To make the most of your visit to Washington D.C., make your own list of must-see landmarks and find out the rules for visiting them well before leaving home. Touring certain buildings or museums require making arrangements in advance. For example, you can request permission to tour the White House (free of charge) by contacting your own Member of Congress at least 30 days prior to your visit.
Transportation in the Washington D.C. Area
Once you arrive in the district, you will find many ways to get around. Parking garages and metered parking spots are available, though parking is limited and public transportation is encouraged. The Metro system includes both public buses and trains (subway) to make it easy to get around the city. Tourmobile also offers sightseeing tours both within the district and throughout the D.C. metro area.
However, you should expect a fair amount of walking while sightseeing or touring museums. A visit to Washington D.C. is often centered on the National Mall. This area, between the Capitol building and the Washington Monument, contains most of the Smithsonian museums including the Air and Space Museum, the Natural History Museum, and the American History Museum. It also contains popular places such as the National Art Gallery and the U.S. Botanical Gardens.
Places to Visit
Washington’s famous monuments are located just west of the National Mall, beginning with the Washington Monument. The World War II and Lincoln Memorials are in line with the Washington Monument, the Vietnam and Korean Memorials are just north of the Lincoln Memorial, and the Franklin Delano Roosevelt and Jefferson Memorials are located nearby along the Tidal Basin.
Additional museums and historic buildings can be found throughout the district.
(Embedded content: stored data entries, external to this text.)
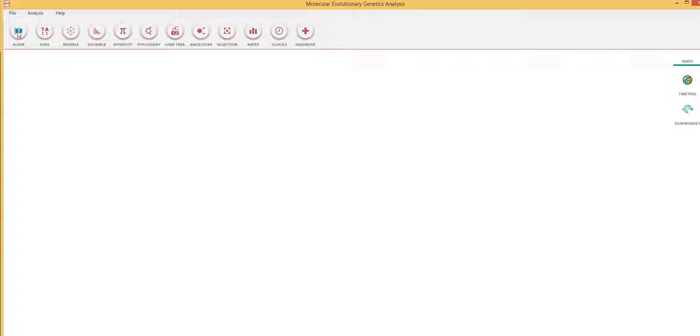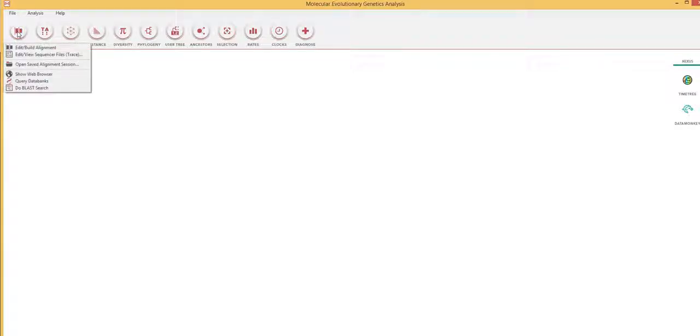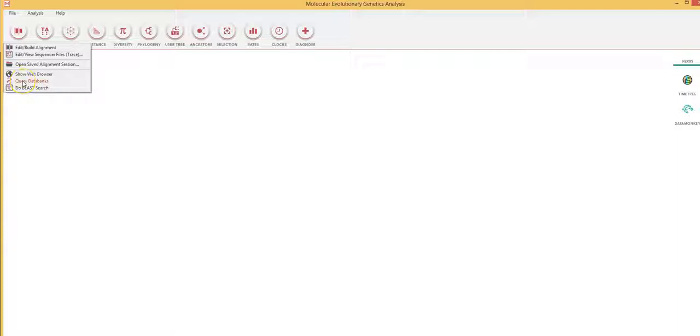Now I want to use this function to align multiple nucleotide sequences. So I click on align and I am offered multiple choices.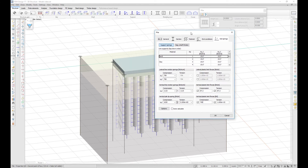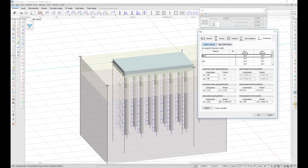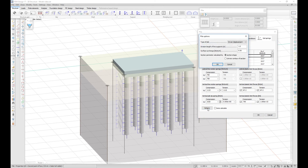The line supports are divided along the length of the pile, so you can edit the stiffnesses as you go deeper into the soil. The division length can be edited in the options menu along with the pile type, surface surcharge, and section perimeter.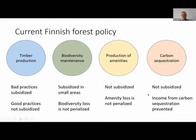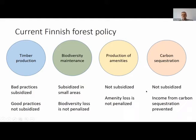In fact, the state makes it difficult for forest landowners to benefit from carbon sequestration. All increments in the carbon stocks of forests are included in Finland's national carbon budget. Even if the forest landowner increases the carbon stock, the benefit is effectively taken by the state. If a landowner decides to increase carbon stocks, it is very difficult for them to benefit from this increase.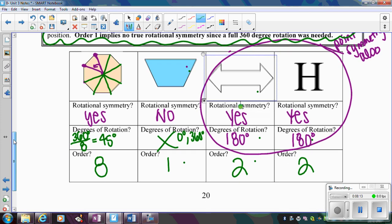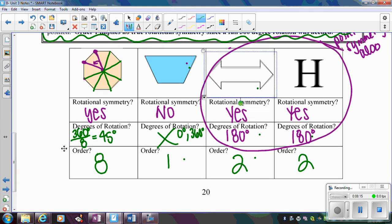Go ahead and try the check-your-understanding problems and we will talk about those in class.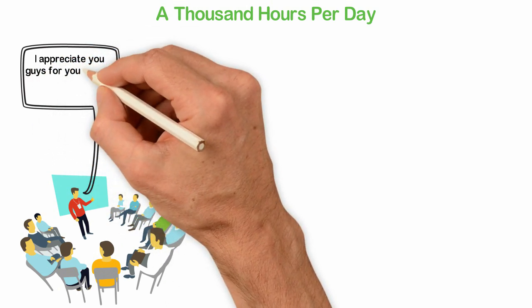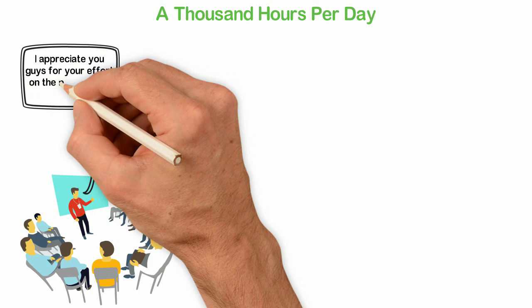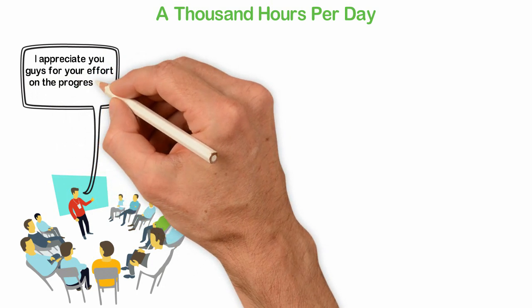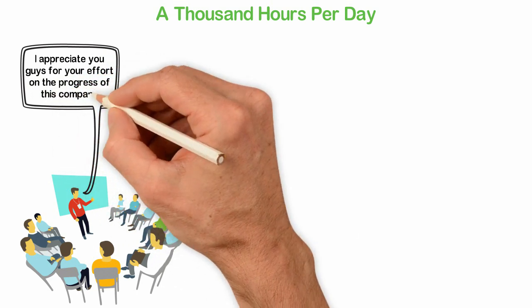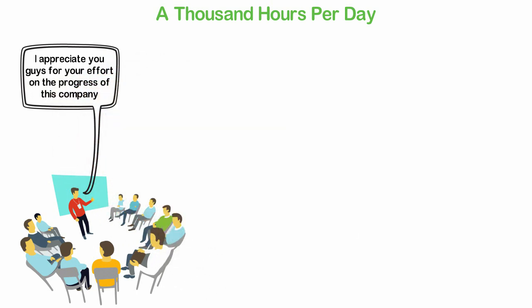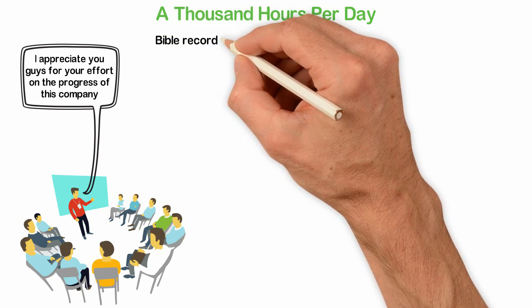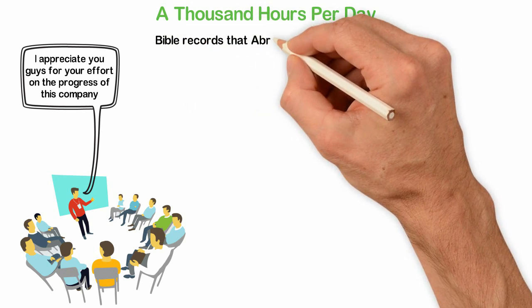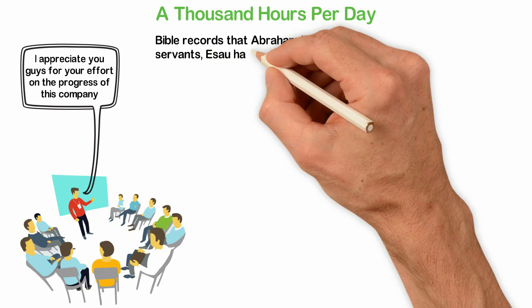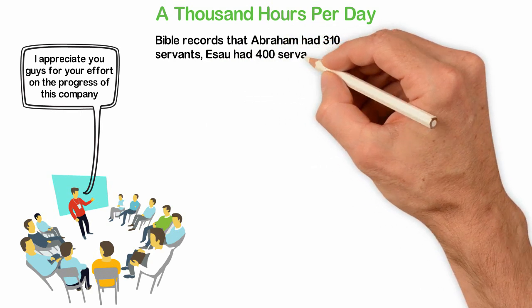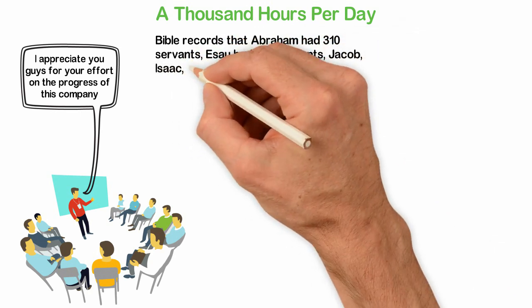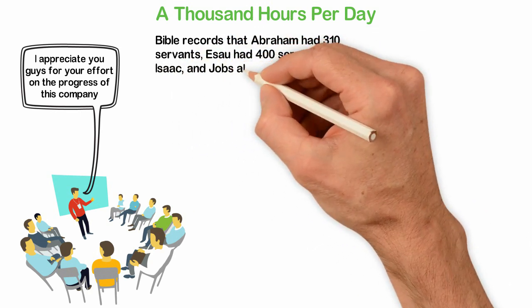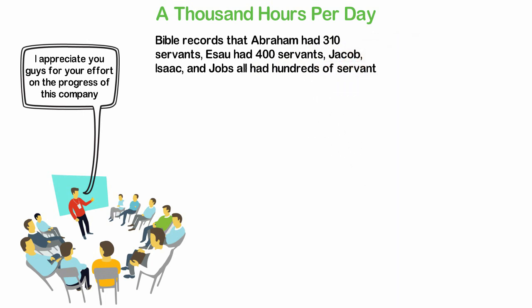Well, they all worked a thousand hours every day. How did they do that? They used the hours they never had. The Bible records that Abraham had 310 servants, Esau had 400 servants, Jacob, Isaac and Job all had hundreds of servants.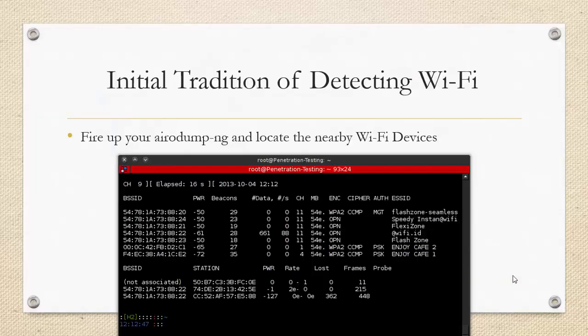Since the past few modules we have been looking into various aspects of access point detection using the airodump-ng command, which not only gives us the name of the access point but also gives us various details related to the MAC address, the power, the number of beacon frames that it is sending, and the encryption scheme which it uses.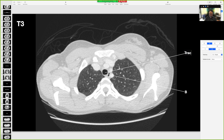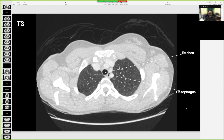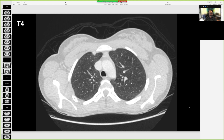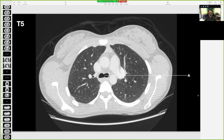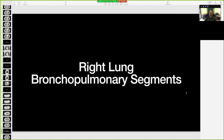A is the trachea — it's got air in it and a nice little muscle wall around it. The esophagus is right there; sometimes its lumen is open and sometimes not, but you should always be looking for it. I forgot to label it but that's the trachea, and A is the carina.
The National Portrait Gallery and the Smithsonian American Art Museum share an impressive building about one half-mile north of the National Mall, at F and 7th Streets. The Washington National Cathedral, located between Woodley Road NW and Massachusetts Avenue NW, is a beautiful cathedral that is well worth a visit.
Many of Washington’s popular destinations can also be found in Northern Virginia. Arlington National Cemetery is located just across Memorial Bridge. Here you can pay tribute to fallen soldiers and visit the Tomb of the Unknown Soldier to watch the changing of the guard. A short distance south of Washington, visitors can tour Mount Vernon, George Washington’s home, or visit Old Town Alexandria, a historic district featuring quaint shops and restaurants. Active adults who enjoy visiting Washington D.C. may consider moving to the area.
Nearby 55+ Communities
You can find several age-restricted communities within close proximity to the district. In Northern Virginia, there are communities such as Potomac Green by Del Webb in Ashburn and Heritage Hunt in Gainesville. Some of the communities in Maryland include Heritage Harbour in Annapolis and Central Parke at Victoria Falls in Laurel. Washington D.C. is a popular tourist destination, particularly in the spring, when the cherry blossoms are in bloom, and in the summer when children are out of school. When visiting the nation’s capital, take a little time for some advance planning and you will be sure to get the most out of your visit.